Below are several entries. Transcribe exactly those lines that fall from the one with "Moderner, glänzender TV-Ständer" through the one with "Ruffle Sequins Mirror", end lines included.

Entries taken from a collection
"""

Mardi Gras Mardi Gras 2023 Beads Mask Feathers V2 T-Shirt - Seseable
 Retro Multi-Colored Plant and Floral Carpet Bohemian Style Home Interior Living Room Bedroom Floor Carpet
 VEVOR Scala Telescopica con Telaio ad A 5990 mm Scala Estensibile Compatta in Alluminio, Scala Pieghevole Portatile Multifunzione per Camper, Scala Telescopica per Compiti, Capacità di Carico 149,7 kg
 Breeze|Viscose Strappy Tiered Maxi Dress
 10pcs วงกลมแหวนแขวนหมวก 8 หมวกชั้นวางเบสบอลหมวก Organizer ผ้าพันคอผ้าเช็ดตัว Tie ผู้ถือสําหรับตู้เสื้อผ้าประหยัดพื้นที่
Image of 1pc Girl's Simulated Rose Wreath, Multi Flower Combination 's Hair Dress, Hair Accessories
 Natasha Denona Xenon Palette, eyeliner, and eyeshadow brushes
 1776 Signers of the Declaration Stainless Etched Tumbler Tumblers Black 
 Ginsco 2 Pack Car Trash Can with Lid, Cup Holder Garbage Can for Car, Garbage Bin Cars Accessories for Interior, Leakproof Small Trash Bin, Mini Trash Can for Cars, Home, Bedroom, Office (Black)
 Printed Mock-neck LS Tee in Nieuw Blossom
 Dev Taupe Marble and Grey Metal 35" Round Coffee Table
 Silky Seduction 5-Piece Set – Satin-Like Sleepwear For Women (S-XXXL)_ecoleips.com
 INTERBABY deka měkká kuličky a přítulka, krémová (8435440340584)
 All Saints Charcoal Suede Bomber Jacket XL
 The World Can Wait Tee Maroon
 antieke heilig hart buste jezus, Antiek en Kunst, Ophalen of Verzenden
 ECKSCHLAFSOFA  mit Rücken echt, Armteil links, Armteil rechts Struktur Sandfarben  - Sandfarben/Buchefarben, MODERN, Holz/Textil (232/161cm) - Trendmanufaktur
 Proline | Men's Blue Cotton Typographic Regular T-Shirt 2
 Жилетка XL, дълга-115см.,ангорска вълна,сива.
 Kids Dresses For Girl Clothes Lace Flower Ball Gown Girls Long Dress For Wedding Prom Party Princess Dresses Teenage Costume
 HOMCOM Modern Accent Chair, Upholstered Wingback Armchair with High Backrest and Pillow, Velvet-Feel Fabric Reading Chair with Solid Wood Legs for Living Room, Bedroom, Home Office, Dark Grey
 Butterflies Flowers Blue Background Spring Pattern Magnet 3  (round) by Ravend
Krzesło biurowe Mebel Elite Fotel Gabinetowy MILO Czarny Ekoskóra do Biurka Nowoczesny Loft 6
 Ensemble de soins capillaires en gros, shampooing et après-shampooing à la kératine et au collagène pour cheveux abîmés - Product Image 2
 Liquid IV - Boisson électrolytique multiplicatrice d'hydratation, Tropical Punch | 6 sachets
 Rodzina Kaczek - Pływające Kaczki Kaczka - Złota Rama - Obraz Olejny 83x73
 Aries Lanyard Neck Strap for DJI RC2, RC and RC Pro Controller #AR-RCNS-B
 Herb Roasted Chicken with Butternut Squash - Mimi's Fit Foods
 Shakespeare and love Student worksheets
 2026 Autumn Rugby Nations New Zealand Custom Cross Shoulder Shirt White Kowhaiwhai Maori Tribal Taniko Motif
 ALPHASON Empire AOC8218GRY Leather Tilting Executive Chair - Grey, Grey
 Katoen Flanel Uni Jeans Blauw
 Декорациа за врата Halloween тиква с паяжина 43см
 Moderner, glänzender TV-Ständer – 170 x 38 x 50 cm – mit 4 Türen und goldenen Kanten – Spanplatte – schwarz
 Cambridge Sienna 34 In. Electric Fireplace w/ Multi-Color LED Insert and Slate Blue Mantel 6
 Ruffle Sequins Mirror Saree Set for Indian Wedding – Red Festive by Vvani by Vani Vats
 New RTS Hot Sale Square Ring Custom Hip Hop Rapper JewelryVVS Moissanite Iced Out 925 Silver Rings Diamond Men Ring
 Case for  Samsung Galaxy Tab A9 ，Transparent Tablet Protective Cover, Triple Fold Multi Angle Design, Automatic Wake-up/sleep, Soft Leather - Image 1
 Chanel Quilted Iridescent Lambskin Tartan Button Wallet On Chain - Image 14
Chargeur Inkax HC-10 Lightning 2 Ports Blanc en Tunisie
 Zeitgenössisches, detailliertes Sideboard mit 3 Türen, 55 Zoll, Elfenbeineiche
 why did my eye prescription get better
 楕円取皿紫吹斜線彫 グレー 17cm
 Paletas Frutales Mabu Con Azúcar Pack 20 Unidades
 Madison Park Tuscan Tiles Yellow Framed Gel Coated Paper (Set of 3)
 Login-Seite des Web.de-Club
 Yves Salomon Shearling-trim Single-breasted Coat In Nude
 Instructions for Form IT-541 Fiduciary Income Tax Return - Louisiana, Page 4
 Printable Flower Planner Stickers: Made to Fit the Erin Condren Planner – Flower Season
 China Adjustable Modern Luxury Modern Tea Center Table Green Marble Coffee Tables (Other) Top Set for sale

"""

--- Output below ---
 Moderner, glänzender TV-Ständer – 170 x 38 x 50 cm – mit 4 Türen und goldenen Kanten – Spanplatte – schwarz
 Cambridge Sienna 34 In. Electric Fireplace w/ Multi-Color LED Insert and Slate Blue Mantel 6
 Ruffle Sequins Mirror Saree Set for Indian Wedding – Red Festive by Vvani by Vani Vats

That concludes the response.